While North Carolina has been the nation’s leader in traffic stop data collection for years, accessing and analyzing the data has been difficult. SCSJ’s Open Data Policing NC website allows users to find detailed information on each police department, traffic stop, and a full history of each officer.

A look at police departments around the state shows that African Americans are being stopped at significantly higher rates than whites. In Durham, for example, blacks made up 41 percent of the population but accounted for 58 percent of the traffic stops in 2010. By 2015, that number was up to 60 percent, and black drivers and their vehicles were five times more likely to be searched than whites and theirs. Since 2002, African Americans have accounted for 75 percent of the traffic stop searches and 77 percent of the drivers against whom officers used force in Durham. Data from police departments in Raleigh, Charlotte, Greensboro, and Asheville show similar disparities.

Other research has come up with similar findings.

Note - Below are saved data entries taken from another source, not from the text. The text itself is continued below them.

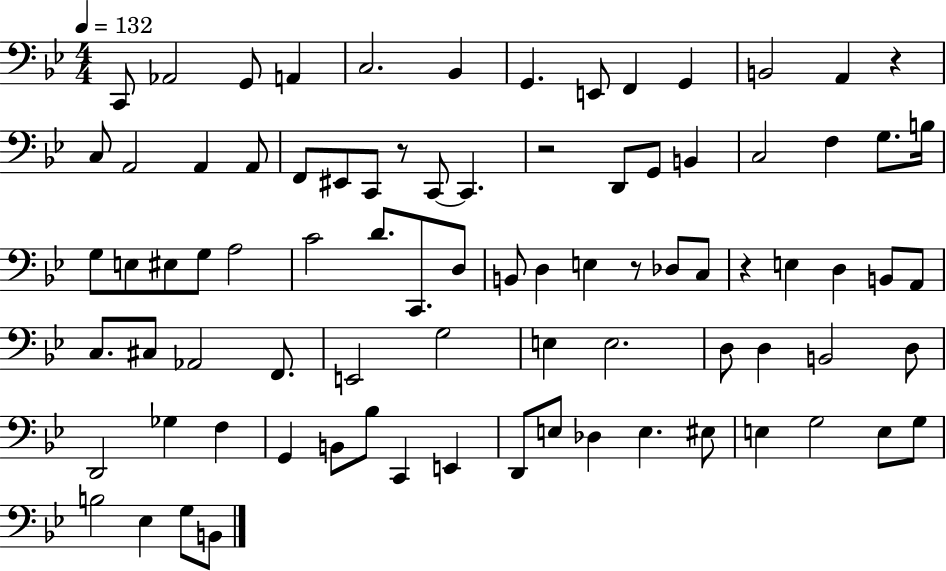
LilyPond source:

{
  \clef bass
  \numericTimeSignature
  \time 4/4
  \key bes \major
  \tempo 4 = 132
  \repeat volta 2 { c,8 aes,2 g,8 a,4 | c2. bes,4 | g,4. e,8 f,4 g,4 | b,2 a,4 r4 | \break c8 a,2 a,4 a,8 | f,8 eis,8 c,8 r8 c,8~~ c,4. | r2 d,8 g,8 b,4 | c2 f4 g8. b16 | \break g8 e8 eis8 g8 a2 | c'2 d'8. c,8. d8 | b,8 d4 e4 r8 des8 c8 | r4 e4 d4 b,8 a,8 | \break c8. cis8 aes,2 f,8. | e,2 g2 | e4 e2. | d8 d4 b,2 d8 | \break d,2 ges4 f4 | g,4 b,8 bes8 c,4 e,4 | d,8 e8 des4 e4. eis8 | e4 g2 e8 g8 | \break b2 ees4 g8 b,8 | } \bar "|."
}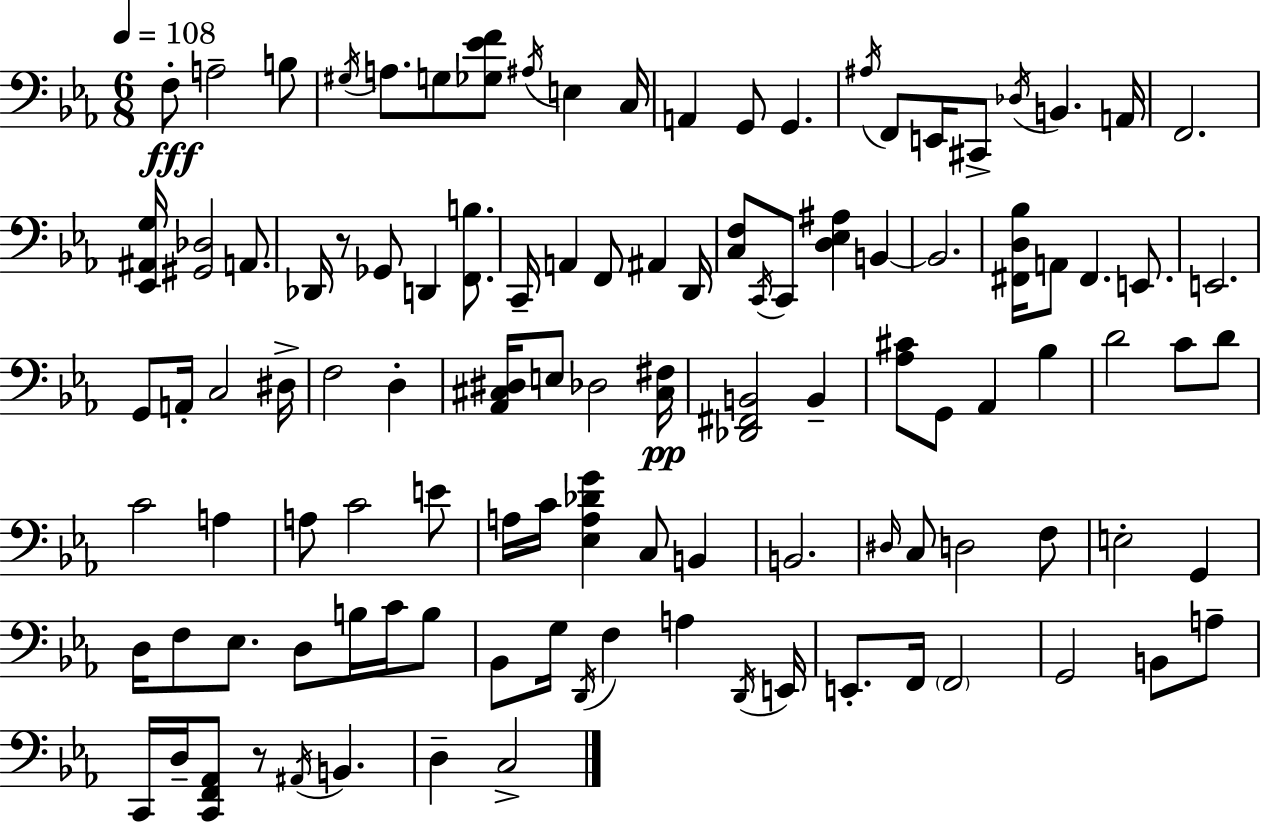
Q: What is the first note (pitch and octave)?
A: F3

For example, a 2012 study by Frank Baumgartner and Derek Epp of the University of North Carolina at Chapel Hill showed that African Americans, 22 percent of the state’s population in 2010, were involved in 30 percent of traffic stops from 2000 to 2011. And a 2015 New York Times investigation found that police in Greensboro, North Carolina were more than twice as likely to search black drivers or their cars when pulled over — even though black drivers were less likely to possess drugs or weapons than whites.

In 2014, Charlie Reece, now a Durham City Council member, took part in a community campaign that successfully advocated for a written consent policy for vehicle searches by police in his city. At the public launch of Open Data Policing NC, Reece said that “the ability to access and analyze officer stop data was essential to showing that the racial disparities were real but also to convincing city leaders that policy changes were needed.”

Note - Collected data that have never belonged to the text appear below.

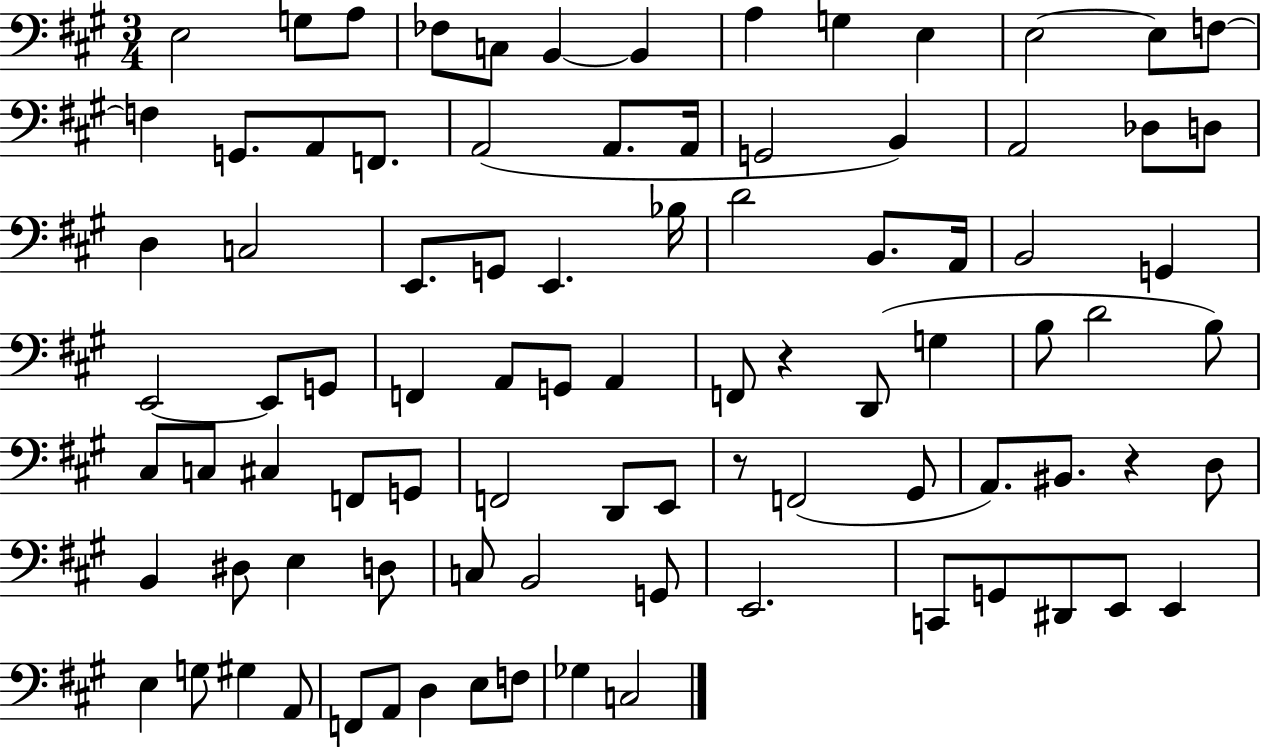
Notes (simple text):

E3/h G3/e A3/e FES3/e C3/e B2/q B2/q A3/q G3/q E3/q E3/h E3/e F3/e F3/q G2/e. A2/e F2/e. A2/h A2/e. A2/s G2/h B2/q A2/h Db3/e D3/e D3/q C3/h E2/e. G2/e E2/q. Bb3/s D4/h B2/e. A2/s B2/h G2/q E2/h E2/e G2/e F2/q A2/e G2/e A2/q F2/e R/q D2/e G3/q B3/e D4/h B3/e C#3/e C3/e C#3/q F2/e G2/e F2/h D2/e E2/e R/e F2/h G#2/e A2/e. BIS2/e. R/q D3/e B2/q D#3/e E3/q D3/e C3/e B2/h G2/e E2/h. C2/e G2/e D#2/e E2/e E2/q E3/q G3/e G#3/q A2/e F2/e A2/e D3/q E3/e F3/e Gb3/q C3/h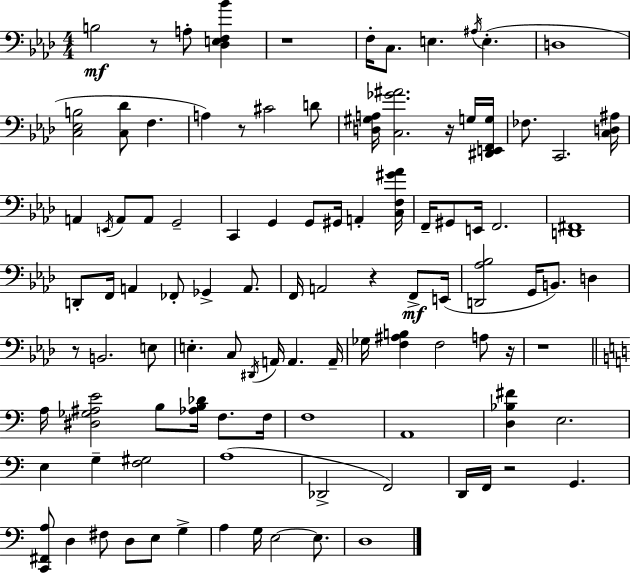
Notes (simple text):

B3/h R/e A3/e [Db3,E3,F3,Bb4]/q R/w F3/s C3/e. E3/q. A#3/s E3/q. D3/w [C3,Eb3,B3]/h [C3,Db4]/e F3/q. A3/q R/e C#4/h D4/e [D3,G#3,A3]/s [C3,Gb4,A#4]/h. R/s G3/s [D#2,E2,F2,G3]/s FES3/e. C2/h. [C3,D3,A#3]/s A2/q E2/s A2/e A2/e G2/h C2/q G2/q G2/e G#2/s A2/q [C3,F3,G#4,Ab4]/s F2/s G#2/e E2/s F2/h. [D2,F#2]/w D2/e F2/s A2/q FES2/e Gb2/q A2/e. F2/s A2/h R/q F2/e E2/s [D2,Ab3,Bb3]/h G2/s B2/e. D3/q R/e B2/h. E3/e E3/q. C3/e D#2/s A2/s A2/q. A2/s Gb3/s [F3,A#3,B3]/q F3/h A3/e R/s R/w A3/s [D#3,Gb3,A#3,E4]/h B3/e [Ab3,B3,Db4]/s F3/e. F3/s F3/w A2/w [D3,Bb3,F#4]/q E3/h. E3/q G3/q [F3,G#3]/h A3/w Db2/h F2/h D2/s F2/s R/h G2/q. [C2,F#2,A3]/e D3/q F#3/e D3/e E3/e G3/q A3/q G3/s E3/h E3/e. D3/w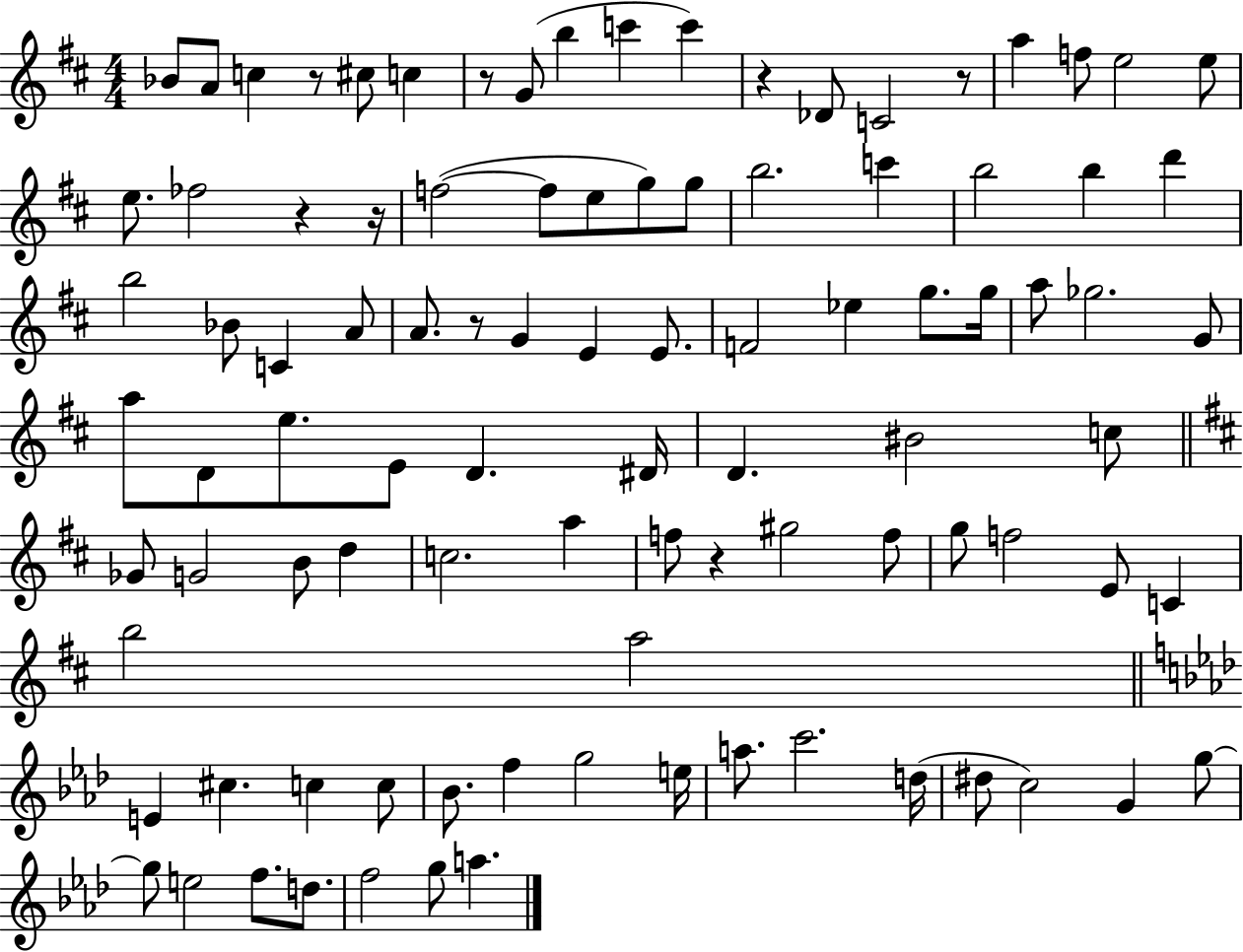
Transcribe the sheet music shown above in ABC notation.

X:1
T:Untitled
M:4/4
L:1/4
K:D
_B/2 A/2 c z/2 ^c/2 c z/2 G/2 b c' c' z _D/2 C2 z/2 a f/2 e2 e/2 e/2 _f2 z z/4 f2 f/2 e/2 g/2 g/2 b2 c' b2 b d' b2 _B/2 C A/2 A/2 z/2 G E E/2 F2 _e g/2 g/4 a/2 _g2 G/2 a/2 D/2 e/2 E/2 D ^D/4 D ^B2 c/2 _G/2 G2 B/2 d c2 a f/2 z ^g2 f/2 g/2 f2 E/2 C b2 a2 E ^c c c/2 _B/2 f g2 e/4 a/2 c'2 d/4 ^d/2 c2 G g/2 g/2 e2 f/2 d/2 f2 g/2 a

And now with Open Data Policing NC up and running, Reece told Facing South, “The ready availability of this data will make it easier for our community to demand accountability on [racial disparities] not only from our police department but also from those of us who serve on the City Council.”

Other local initiatives are also providing greater access to policing data for communities and police departments alike.

Code for America, a San Francisco-based nonprofit that builds open-source technology to aid government services and which is involved in the White House initiative, worked with the Indianapolis Department of Public Safety to create a database called Project Comport documenting use of force, officer involved shootings, and citizen complaints. That project launched last year and found that despite Marion County being 25 percent black, 49 percent of the residents subject to police use of force were black.

And in Chicago, The Invisible Institute last year launched the Citizens Police Data Project detailing over 56,000 citizen complaints against nearly 9,000 police officers over most of the years from 2001 to 2015, with detailed profiles on each officer and district. That data, collected through Freedom of Information Act requests, revealed that black residents filed 61 percent of the complaints but made up only 25 percent of sustained complaints, while whites filed 21 percent of complaints but made up 58 percent of those sustained.

These initiatives will give those who examine citizen-police interaction a better handle on the facts.

“Traffic stops are the most common way that citizens interact with police officers,” said Ian Mance, SCSF staff attorney and the creator of Open Data Policing NC, “so it’s important that we understand as much as we can about the various dynamics at play.”